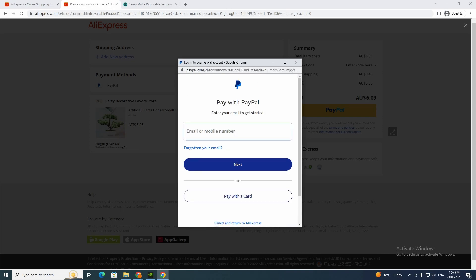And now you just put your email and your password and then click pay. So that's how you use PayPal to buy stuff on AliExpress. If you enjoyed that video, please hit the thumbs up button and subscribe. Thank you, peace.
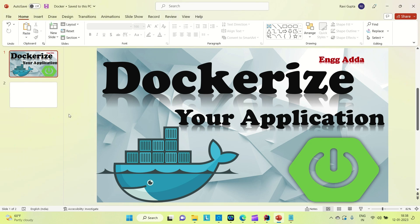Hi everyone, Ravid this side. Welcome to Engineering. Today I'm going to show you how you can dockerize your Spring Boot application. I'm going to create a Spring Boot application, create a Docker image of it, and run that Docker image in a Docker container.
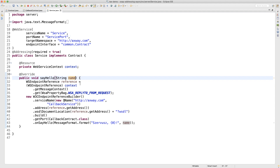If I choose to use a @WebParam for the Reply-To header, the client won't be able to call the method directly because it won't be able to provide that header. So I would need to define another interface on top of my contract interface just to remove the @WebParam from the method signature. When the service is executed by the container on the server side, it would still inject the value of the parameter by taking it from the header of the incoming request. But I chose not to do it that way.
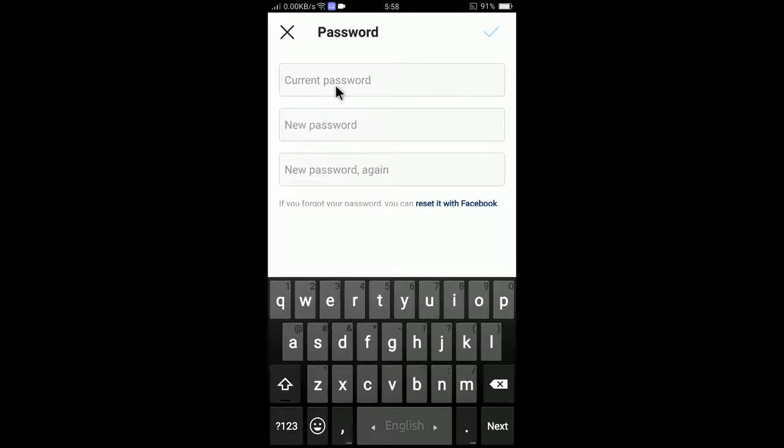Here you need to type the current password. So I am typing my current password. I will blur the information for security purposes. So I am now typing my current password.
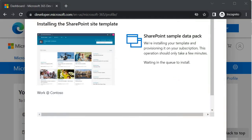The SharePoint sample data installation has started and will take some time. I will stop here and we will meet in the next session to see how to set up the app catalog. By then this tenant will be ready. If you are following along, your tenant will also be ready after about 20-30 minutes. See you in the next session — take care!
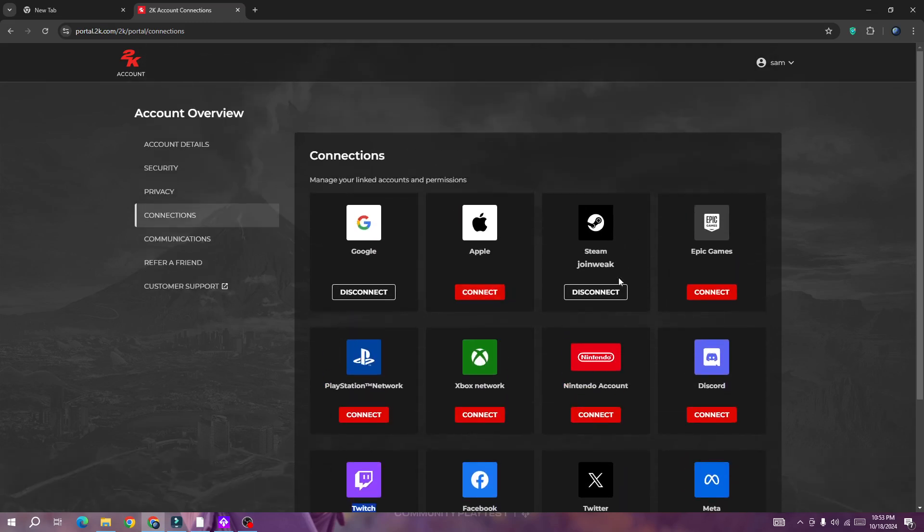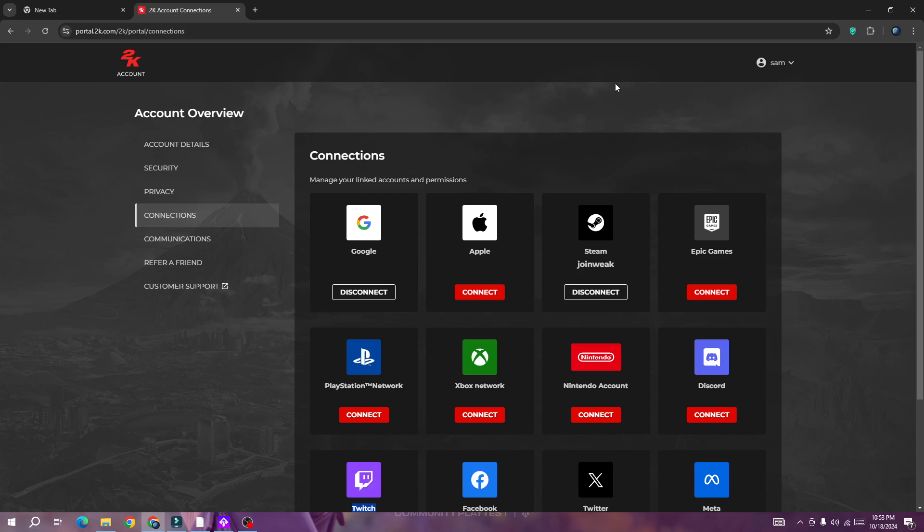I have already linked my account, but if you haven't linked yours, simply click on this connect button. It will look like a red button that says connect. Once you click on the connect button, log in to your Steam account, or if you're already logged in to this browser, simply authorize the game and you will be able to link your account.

....................

Your objective ▸ Each word of the data should be repeated exactly, and the pictures left out.

Result below ▸
And now you just put your email and your password and then click pay. So that's how you use PayPal to buy stuff on AliExpress. If you enjoyed that video, please hit the thumbs up button and subscribe. Thank you, peace.
Hi everyone, Ravid this side. Welcome to Engineering. Today I'm going to show you how you can dockerize your Spring Boot application. I'm going to create a Spring Boot application, create a Docker image of it, and run that Docker image in a Docker container.
If I choose to use a @WebParam for the Reply-To header, the client won't be able to call the method directly because it won't be able to provide that header. So I would need to define another interface on top of my contract interface just to remove the @WebParam from the method signature. When the service is executed by the container on the server side, it would still inject the value of the parameter by taking it from the header of the incoming request. But I chose not to do it that way.
Here you need to type the current password. So I am typing my current password. I will blur the information for security purposes. So I am now typing my current password.
The SharePoint sample data installation has started and will take some time. I will stop here and we will meet in the next session to see how to set up the app catalog. By then this tenant will be ready. If you are following along, your tenant will also be ready after about 20-30 minutes. See you in the next session — take care!
I have already linked my account, but if you haven't linked yours, simply click on this connect button. It will look like a red button that says connect. Once you click on the connect button, log in to your Steam account, or if you're already logged in to this browser, simply authorize the game and you will be able to link your account.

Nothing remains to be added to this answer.